**DESCRIPTION OF THE TASK**. For this exercise, the lines from the one with "Eevee SVP 200" through the end of the material below must be output exactly, without pictures.
─── RECORDED DATA
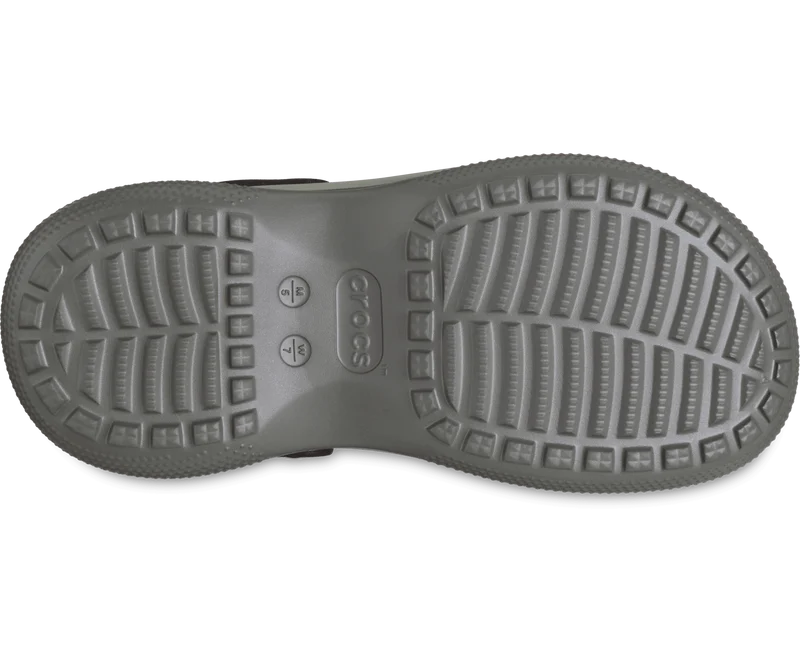 CROCS Unisex Klassischer Stapel-Clog | Schwarz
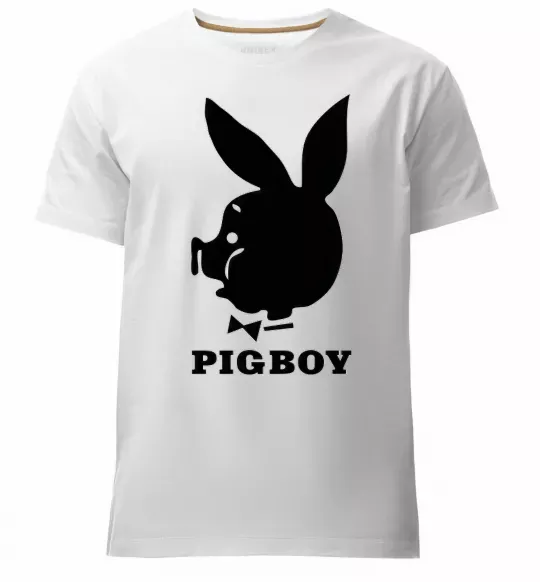 Чоловіча преміум футболка PIGBOY Білий фото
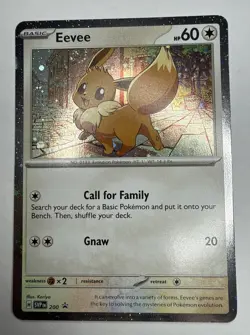 Eevee SVP 200 Cosmos Holo Black Star Promo Pokemon TCG Near Mint+ - Image 1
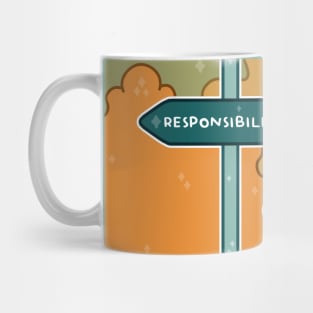 A ghost escaping his responsibilities Mug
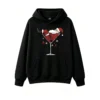 主图_1 Buzo con capucha Algodón Estampada Santa Claus Copa Navidad Premium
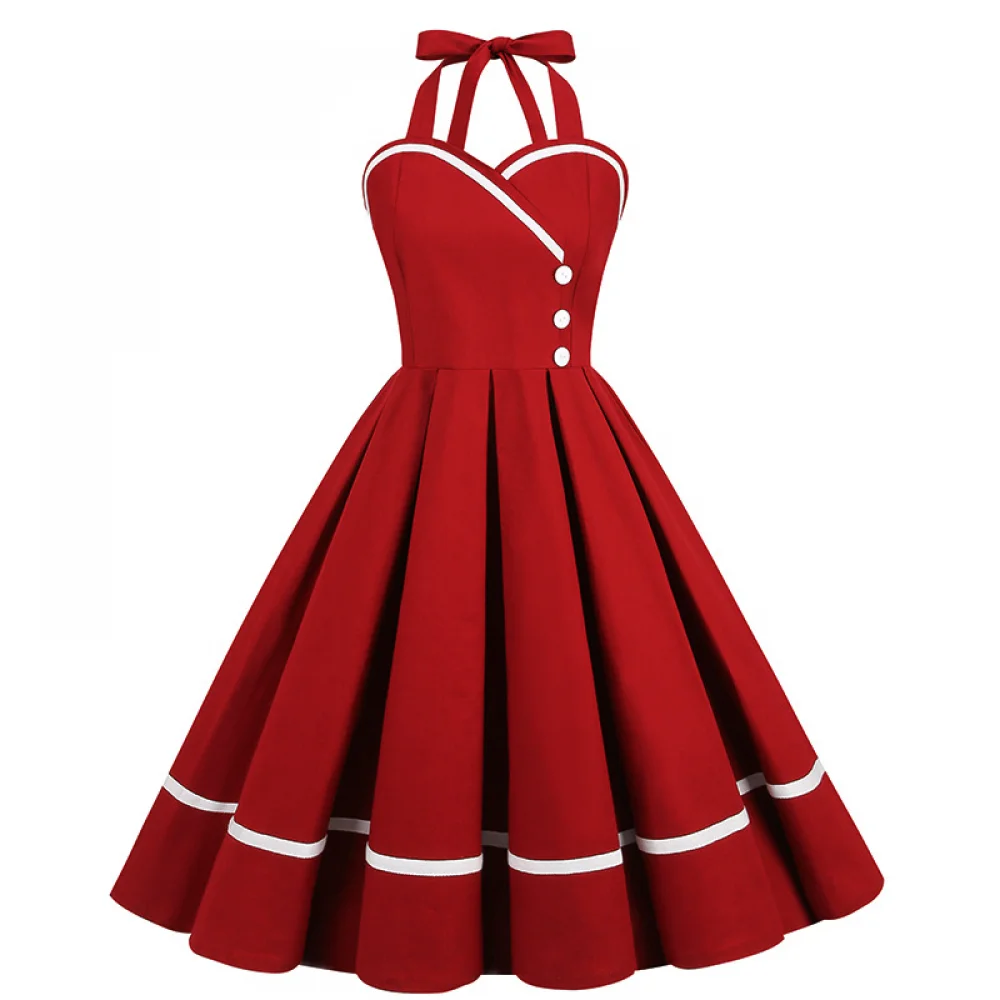 Women'S Fashion In The 80S - Halloween 50s 60s 80s Retro Dress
──────
**RESULT**.
 Eevee SVP 200 Cosmos Holo Black Star Promo Pokemon TCG Near Mint+ - Image 1
 A ghost escaping his responsibilities Mug
 主图_1 Buzo con capucha Algodón Estampada Santa Claus Copa Navidad Premium
 Women'S Fashion In The 80S - Halloween 50s 60s 80s Retro Dress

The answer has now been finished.